Peel Castle, Isle of Man

Peel Castle
St Patrick's Isle
Isle of Man

Peel lays on the West coast of the Isle of Man, about eleven miles West of Douglas. The town of Peel lays in the shadow of Corrins Hill, a long land mass that separates the town from the Irish Sea. The castle is built on St Patrick's Isle, a small island separated from the mainland, and accessible via a relatively modern causeway. Aerial views of the castle show a collection of roofless buildings, earthworks, curtain walls and a number of towers.

Above.

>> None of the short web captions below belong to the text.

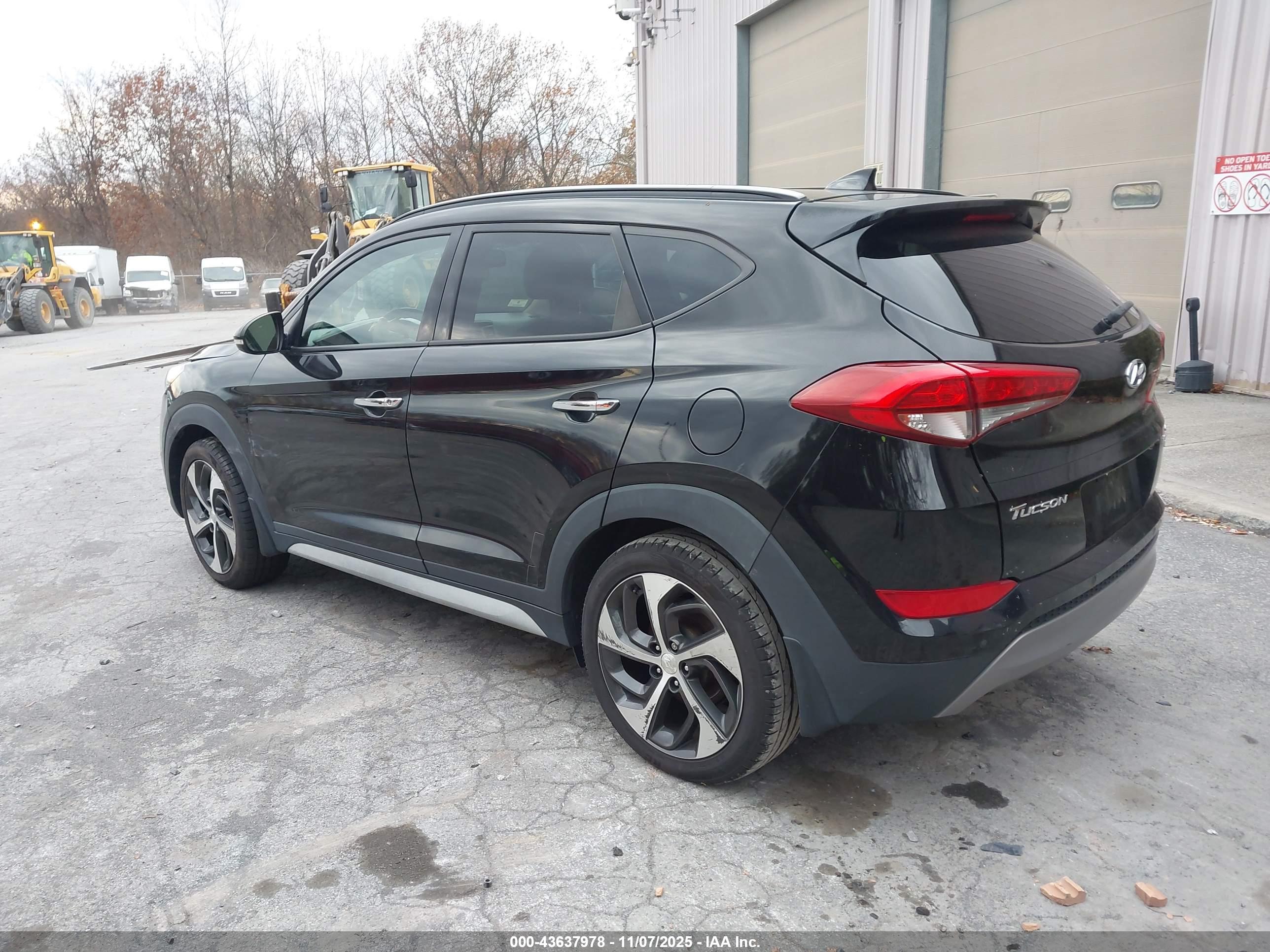 HYUNDAI TUCSON image 3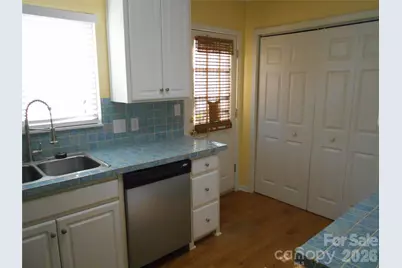 407 E Broad Street #C3, Statesville, NC 28677 - Photo 9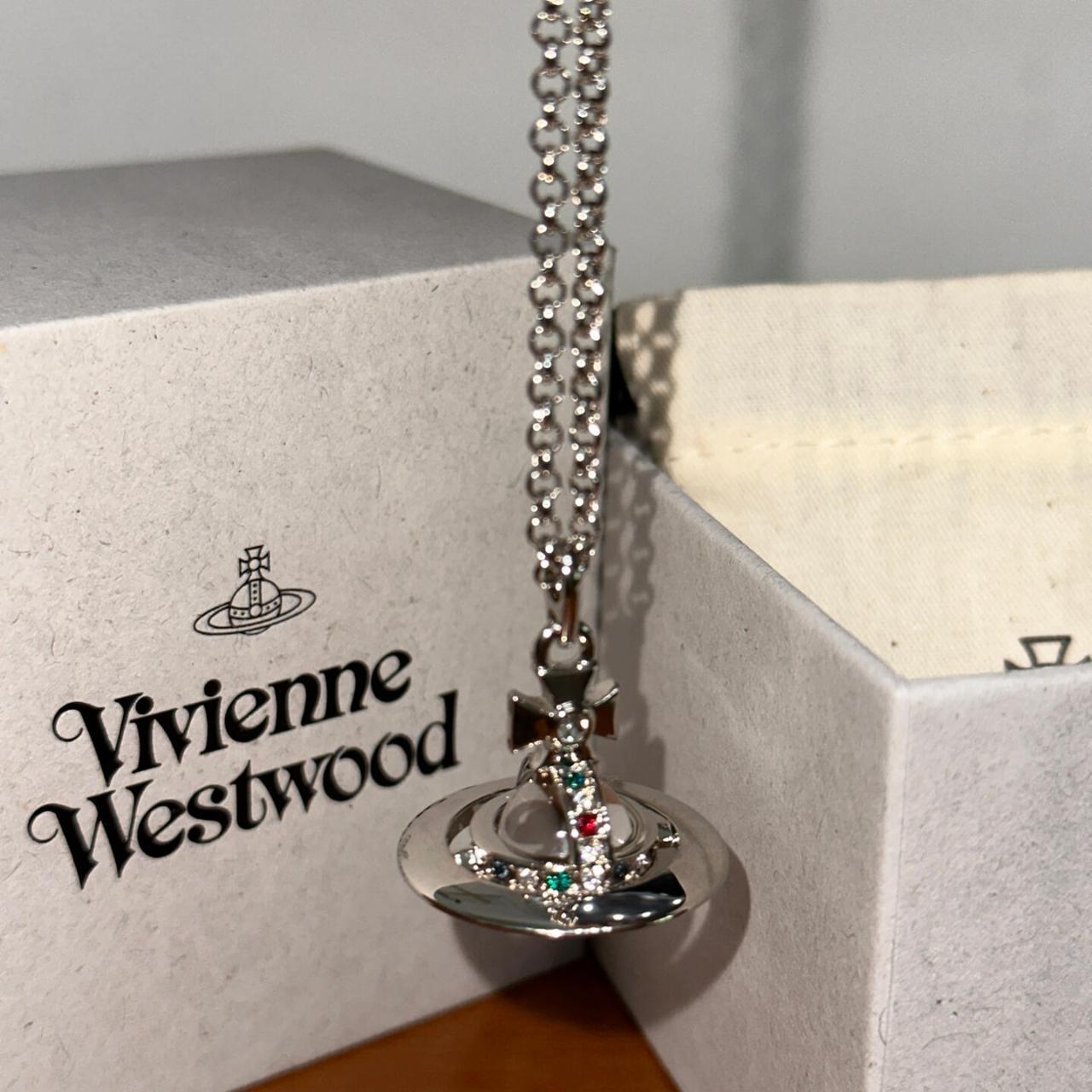 ★Vivienne Westwood★ Vivienne Westwood 6201032I 02G156 Mari White vivienne-westwood-necklace - Depop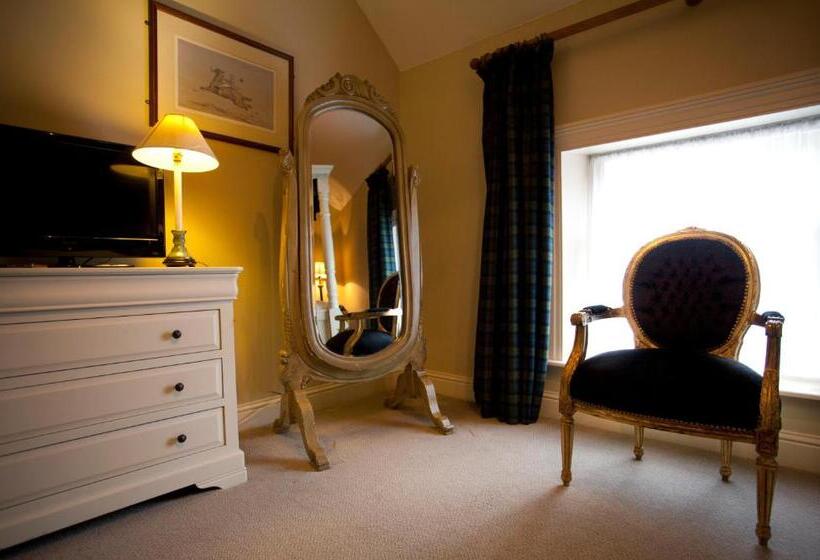 اتاق استاندارد یک نفره, Conyngham Arms Hotel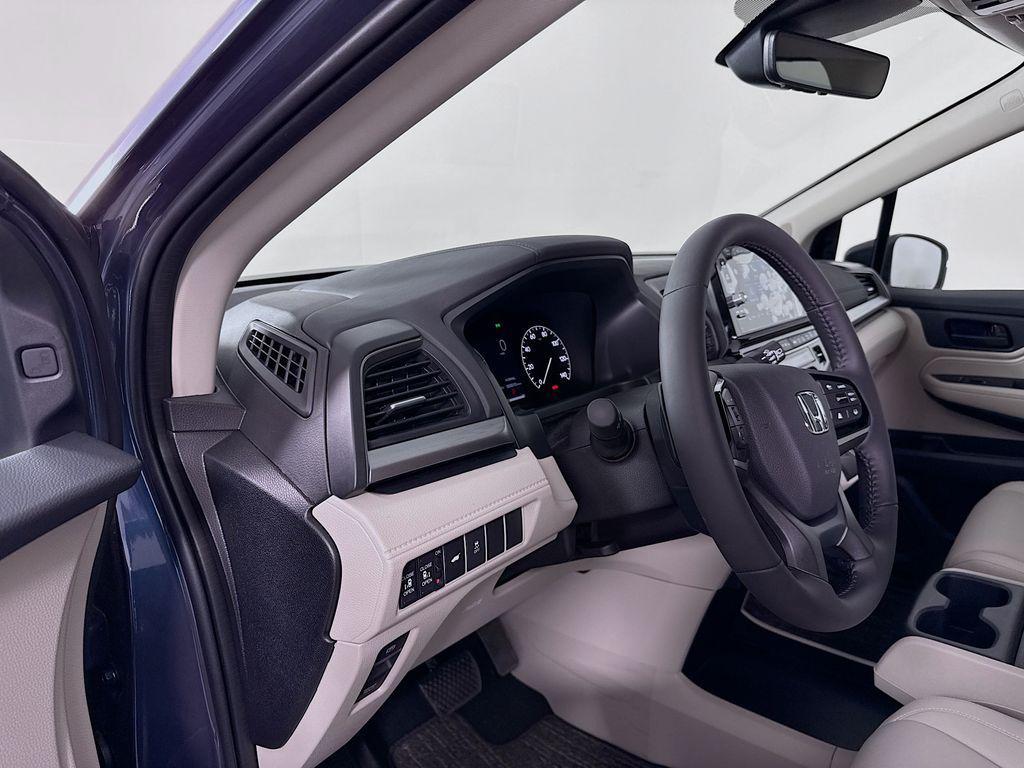 new 2026 Honda Odyssey car, priced at $41,638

A view from East Quay, looking North towards the ruined castle and cathedral.

Dating from the 11th century, the castle was built by King Magnus Barelegs, King of Norway from 1093 until 1103, King of Mann and the Isles from 1099 until 1102 and King of Dublin from 1102 until his death in 1103. The castle was built of wood at this point, and was built around the existing stone built monastic buildings that occupied the small island at this time. The ruined castle still incorporates the remains of the old cathedral of St German, which can be seen over the 14th century, red sand stone walls. It was used by the church as the administrative centre for the see of Sodor Diocese, until it was abandoned in the 18th century.

The castle on the other hands was maintained right up until 1860, when it was updated and re-fortified to prepare for a possible French invasion. The castle is owned by Manx National Heritage, and is open to the public from April until October.